He, too, is an unpaid volunteer. Last I checked, linux-kernel wasn't a client of Real-Time
Remedies Inc, and this seems to have occurred while hobby-hacking on his empeg devices. Once
upon a time, that was an unthinkable distinction -- we were all unpaid volunteers. In this
case, it would be preferable for you to blow that suggestion out of some other orifice. This
is not a corporate "do our work for us" request, this is hacker-to-hacker.
Your following comment is dangerously akin to suggesting that he got what he deserved for
running an unreleased kernel, and that his laziness is the root of the problem.
In the thread process, it is quite obvious that he did test a wide range of kernels (i.e.

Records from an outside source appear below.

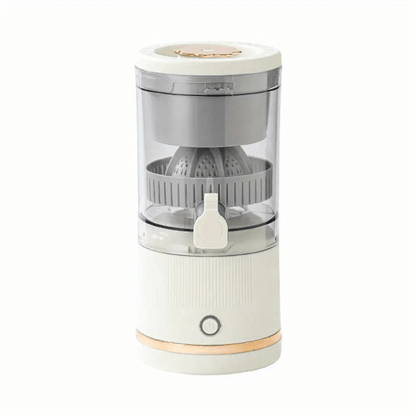Clear kitchen appliance with white base and gray top on a white background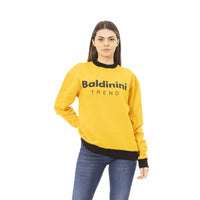 Baldinini Trend Chic Yellow Cotton Fleece Hoodie with Logo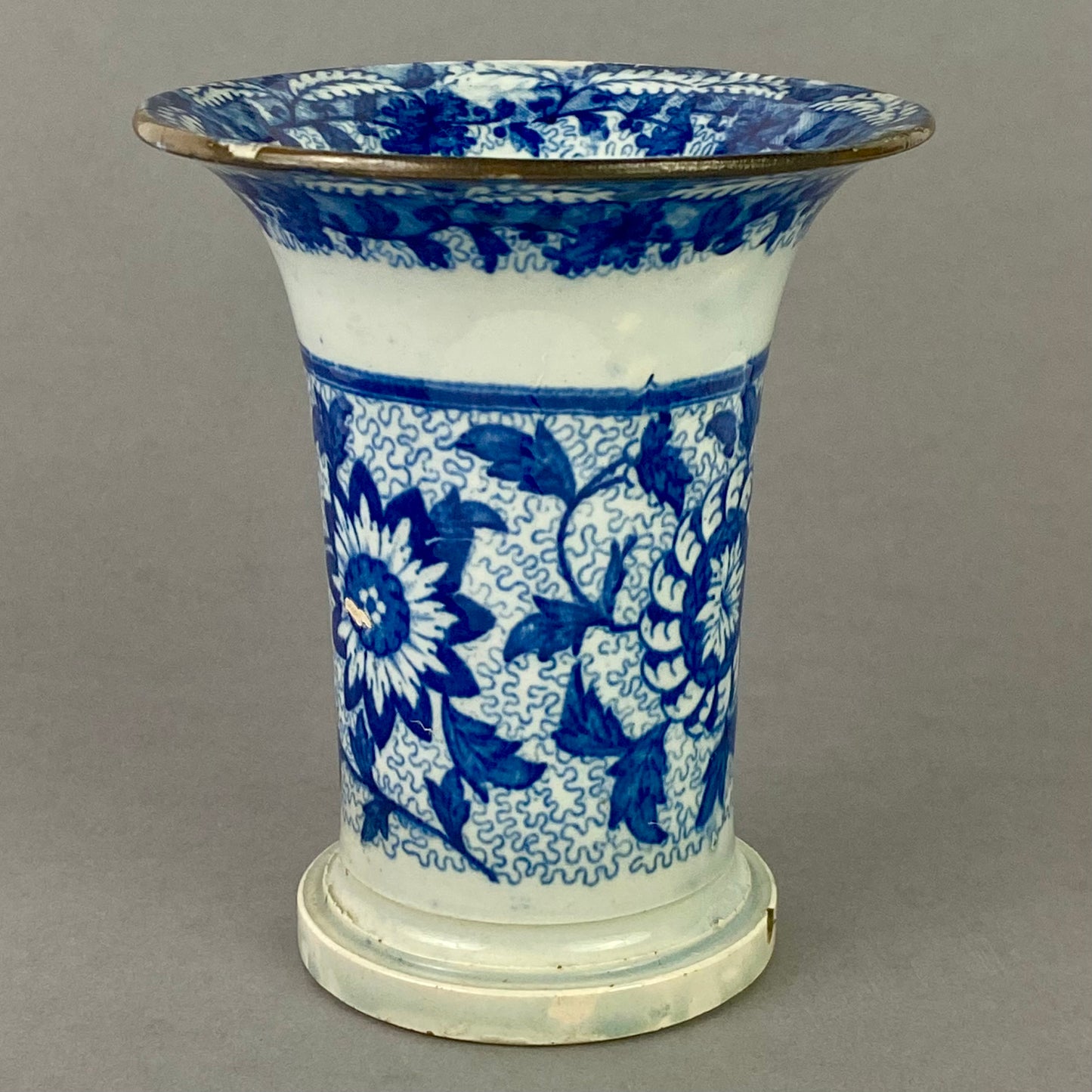 Spode 18thc Pearlware Pottery Vase Blue Transfer 11.5cm Antique c1780s English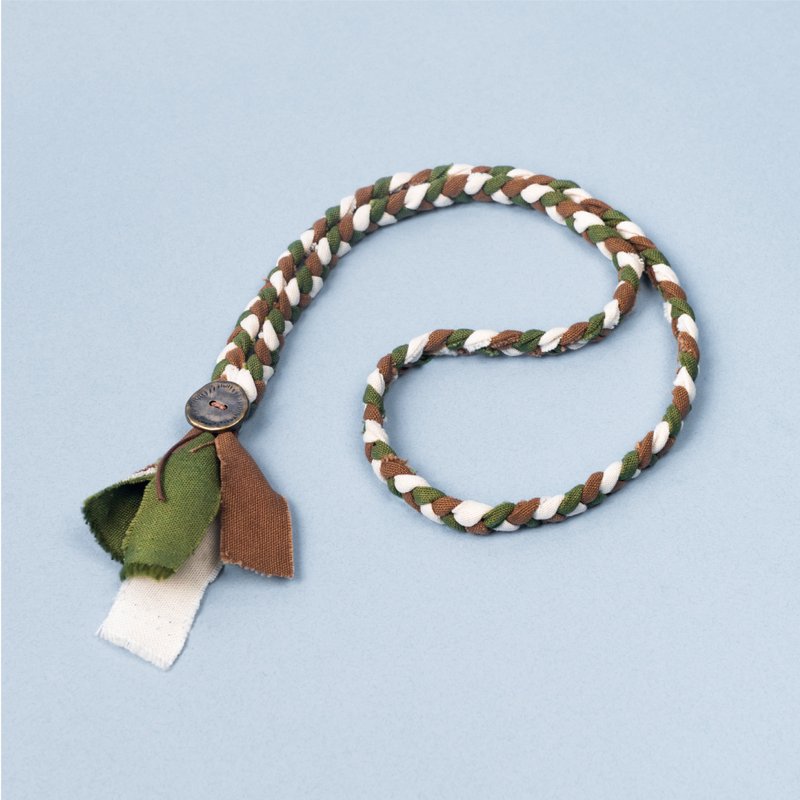 Ancient cloth necklace-green Brown rag - Necklaces - Cotton & Hemp Green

2.6.11-2.6.24), and that he did observe the mass number of commit changes around the relevant
close() code in the networking stack. He also provided excellent troubleshooting of the
problem, tracing the error down to exactly what happened (i.e. premature reset of the
connection on close()).
Once bisect was suggested, <http://thread.gmane.org/gmane.linux.kernel/663422>, it became the
solution. Nobody had an answer off the top of their heads -- or informed Mark that the
relevant developer was asleep -- and it became "here, find the rest of the information and
give it to us." Thus the argument about bug reporting being a two-way street, and the
suggestion that Mark expected it to be a one-way street -- ignoring the work he had done
already to report the bug in a very thorough manner. From here, the flamewar threshold was
crossed in short order.
Having the time is the issue. Assuming the timestamps are valid for estimation purpose, the
report was filed at 6:56, and his "If I had the time right now, maybe." comment was at 21:05.
Between, he posted four times, each with more information from his bug-tracking work. That's a
lot of work product.
Be careful about your assumptions when you make off-the-cuff remarks like that. Mark's
response was strong, but not unjustified. This is the way the community has worked in the
past, and the impression he got of "(shrug) Dunno, go bisect." is not hard to see.